» **Required work**
In the records below, begin at the line that has "Fendi unisex sneakers" and stop after the line that has "ranch-style home featuring"; quote those lines verbatim and nothing more.

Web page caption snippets
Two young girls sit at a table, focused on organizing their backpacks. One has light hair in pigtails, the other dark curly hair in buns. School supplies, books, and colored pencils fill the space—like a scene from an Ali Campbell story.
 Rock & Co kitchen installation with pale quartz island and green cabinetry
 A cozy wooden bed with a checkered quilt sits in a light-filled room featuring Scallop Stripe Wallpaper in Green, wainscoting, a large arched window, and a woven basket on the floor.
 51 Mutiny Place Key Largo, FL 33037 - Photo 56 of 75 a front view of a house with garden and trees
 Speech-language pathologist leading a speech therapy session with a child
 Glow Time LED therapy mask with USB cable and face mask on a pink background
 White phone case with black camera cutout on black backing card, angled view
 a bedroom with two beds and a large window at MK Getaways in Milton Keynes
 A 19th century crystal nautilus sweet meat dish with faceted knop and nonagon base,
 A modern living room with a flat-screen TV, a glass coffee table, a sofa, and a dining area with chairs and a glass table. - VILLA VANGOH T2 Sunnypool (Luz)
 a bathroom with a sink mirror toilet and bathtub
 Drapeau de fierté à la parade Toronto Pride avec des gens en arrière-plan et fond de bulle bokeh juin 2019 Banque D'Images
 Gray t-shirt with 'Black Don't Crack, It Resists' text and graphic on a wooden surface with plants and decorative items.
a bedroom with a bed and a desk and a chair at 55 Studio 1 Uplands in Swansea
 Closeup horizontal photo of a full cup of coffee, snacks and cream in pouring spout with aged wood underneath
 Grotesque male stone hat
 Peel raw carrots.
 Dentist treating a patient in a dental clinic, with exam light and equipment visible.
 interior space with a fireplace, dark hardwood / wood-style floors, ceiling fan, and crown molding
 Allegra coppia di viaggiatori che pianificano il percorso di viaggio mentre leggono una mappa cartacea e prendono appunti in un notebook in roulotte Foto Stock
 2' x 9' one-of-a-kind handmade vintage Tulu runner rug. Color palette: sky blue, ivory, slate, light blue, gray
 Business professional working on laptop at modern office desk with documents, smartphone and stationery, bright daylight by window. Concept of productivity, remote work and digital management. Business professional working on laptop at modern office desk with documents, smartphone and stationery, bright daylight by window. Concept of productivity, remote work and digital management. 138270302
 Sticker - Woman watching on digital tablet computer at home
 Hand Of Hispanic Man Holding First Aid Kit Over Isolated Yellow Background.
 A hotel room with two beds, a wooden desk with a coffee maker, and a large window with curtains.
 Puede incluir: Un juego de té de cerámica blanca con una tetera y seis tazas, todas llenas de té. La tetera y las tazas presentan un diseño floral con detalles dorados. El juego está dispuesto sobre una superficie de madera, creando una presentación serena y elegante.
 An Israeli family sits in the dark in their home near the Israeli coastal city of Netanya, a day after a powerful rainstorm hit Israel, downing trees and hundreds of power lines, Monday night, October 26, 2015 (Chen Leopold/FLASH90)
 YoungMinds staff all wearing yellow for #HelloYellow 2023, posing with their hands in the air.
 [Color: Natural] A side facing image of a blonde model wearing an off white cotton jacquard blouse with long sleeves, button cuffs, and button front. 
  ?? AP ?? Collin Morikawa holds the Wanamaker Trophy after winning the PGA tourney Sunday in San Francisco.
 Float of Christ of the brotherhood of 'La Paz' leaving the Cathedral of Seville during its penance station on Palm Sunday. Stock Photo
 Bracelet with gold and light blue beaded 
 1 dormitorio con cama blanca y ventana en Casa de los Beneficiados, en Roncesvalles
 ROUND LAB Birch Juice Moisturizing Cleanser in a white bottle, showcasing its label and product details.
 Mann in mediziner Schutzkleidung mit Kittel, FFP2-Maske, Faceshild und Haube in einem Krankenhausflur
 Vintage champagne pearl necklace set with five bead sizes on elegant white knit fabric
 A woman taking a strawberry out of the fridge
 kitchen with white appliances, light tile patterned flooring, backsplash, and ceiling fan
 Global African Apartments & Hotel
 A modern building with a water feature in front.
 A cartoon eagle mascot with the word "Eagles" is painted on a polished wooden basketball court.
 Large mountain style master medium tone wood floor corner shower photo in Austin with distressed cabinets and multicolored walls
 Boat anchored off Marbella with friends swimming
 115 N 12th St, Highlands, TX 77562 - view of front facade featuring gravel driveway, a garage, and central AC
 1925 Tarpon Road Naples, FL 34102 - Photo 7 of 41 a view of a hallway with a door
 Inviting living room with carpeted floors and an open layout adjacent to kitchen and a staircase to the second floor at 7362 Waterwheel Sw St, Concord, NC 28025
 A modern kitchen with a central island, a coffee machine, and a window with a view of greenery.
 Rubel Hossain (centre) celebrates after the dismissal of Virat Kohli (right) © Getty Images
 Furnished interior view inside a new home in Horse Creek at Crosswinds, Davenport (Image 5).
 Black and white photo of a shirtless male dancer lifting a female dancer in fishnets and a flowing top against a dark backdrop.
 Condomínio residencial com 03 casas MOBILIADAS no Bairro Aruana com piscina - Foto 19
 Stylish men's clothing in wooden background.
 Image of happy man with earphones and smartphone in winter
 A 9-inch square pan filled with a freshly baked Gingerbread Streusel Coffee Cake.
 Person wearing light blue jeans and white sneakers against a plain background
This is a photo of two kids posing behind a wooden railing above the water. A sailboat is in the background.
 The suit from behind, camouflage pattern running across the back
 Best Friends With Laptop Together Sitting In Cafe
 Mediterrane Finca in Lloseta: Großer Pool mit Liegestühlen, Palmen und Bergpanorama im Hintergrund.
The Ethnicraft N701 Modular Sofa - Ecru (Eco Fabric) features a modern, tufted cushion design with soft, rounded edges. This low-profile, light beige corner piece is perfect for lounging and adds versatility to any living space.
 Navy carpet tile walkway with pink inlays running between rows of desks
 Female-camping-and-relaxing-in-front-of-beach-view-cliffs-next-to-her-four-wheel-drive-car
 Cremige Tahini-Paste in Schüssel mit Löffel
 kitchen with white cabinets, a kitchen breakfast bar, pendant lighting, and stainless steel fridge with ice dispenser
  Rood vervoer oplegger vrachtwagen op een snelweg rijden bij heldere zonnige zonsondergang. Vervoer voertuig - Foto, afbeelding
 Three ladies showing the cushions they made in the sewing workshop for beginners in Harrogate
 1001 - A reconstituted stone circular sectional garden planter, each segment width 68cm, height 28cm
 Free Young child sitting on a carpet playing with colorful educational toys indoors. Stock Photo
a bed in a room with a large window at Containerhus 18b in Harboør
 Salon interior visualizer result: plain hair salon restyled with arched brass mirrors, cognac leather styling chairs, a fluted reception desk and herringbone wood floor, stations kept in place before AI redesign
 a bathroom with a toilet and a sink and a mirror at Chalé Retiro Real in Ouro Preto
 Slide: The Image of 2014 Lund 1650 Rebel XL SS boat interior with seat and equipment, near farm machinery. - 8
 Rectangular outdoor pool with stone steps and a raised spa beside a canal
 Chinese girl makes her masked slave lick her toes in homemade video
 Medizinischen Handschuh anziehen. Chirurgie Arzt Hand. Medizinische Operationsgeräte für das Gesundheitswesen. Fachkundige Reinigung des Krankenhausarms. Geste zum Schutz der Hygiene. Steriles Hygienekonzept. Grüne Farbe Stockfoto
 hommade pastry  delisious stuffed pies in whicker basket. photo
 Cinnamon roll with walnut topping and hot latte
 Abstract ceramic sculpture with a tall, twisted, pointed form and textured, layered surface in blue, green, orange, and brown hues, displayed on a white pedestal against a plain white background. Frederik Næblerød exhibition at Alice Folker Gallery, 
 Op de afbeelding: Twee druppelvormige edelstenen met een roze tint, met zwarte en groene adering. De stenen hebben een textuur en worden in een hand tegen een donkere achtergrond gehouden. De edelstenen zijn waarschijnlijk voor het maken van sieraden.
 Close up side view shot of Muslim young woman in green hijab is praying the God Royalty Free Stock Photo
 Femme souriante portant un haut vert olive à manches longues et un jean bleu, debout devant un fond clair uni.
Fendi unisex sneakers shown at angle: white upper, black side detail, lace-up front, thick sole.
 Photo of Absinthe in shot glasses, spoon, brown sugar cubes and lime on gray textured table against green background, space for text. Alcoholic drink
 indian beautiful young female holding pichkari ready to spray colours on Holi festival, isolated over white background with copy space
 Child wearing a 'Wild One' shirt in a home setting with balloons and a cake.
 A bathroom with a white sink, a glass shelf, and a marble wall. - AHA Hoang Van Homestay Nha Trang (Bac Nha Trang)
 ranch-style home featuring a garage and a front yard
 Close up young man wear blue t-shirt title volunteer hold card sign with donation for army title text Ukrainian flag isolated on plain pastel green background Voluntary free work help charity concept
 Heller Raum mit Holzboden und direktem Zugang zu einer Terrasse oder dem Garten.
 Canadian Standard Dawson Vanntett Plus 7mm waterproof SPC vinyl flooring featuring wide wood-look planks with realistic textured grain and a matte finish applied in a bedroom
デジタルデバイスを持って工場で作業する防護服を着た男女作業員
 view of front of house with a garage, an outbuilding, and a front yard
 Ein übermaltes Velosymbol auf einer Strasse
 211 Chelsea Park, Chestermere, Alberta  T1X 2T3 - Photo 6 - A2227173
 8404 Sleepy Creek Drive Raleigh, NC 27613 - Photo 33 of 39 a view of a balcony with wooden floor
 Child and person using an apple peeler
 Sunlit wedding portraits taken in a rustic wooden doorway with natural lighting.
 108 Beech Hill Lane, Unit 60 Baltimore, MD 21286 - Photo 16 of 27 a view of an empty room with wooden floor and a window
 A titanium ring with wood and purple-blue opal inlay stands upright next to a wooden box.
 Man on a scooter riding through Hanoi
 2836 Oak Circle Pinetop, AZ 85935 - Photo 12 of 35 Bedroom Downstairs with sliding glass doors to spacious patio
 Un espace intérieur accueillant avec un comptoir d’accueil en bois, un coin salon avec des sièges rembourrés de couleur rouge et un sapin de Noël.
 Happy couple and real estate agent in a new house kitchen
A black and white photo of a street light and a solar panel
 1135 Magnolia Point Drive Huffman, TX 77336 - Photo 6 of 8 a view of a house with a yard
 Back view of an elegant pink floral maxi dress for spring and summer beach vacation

» **Response to this task**
Fendi unisex sneakers shown at angle: white upper, black side detail, lace-up front, thick sole.
 Photo of Absinthe in shot glasses, spoon, brown sugar cubes and lime on gray textured table against green background, space for text. Alcoholic drink
 indian beautiful young female holding pichkari ready to spray colours on Holi festival, isolated over white background with copy space
 Child wearing a 'Wild One' shirt in a home setting with balloons and a cake.
 A bathroom with a white sink, a glass shelf, and a marble wall. - AHA Hoang Van Homestay Nha Trang (Bac Nha Trang)
 ranch-style home featuring a garage and a front yard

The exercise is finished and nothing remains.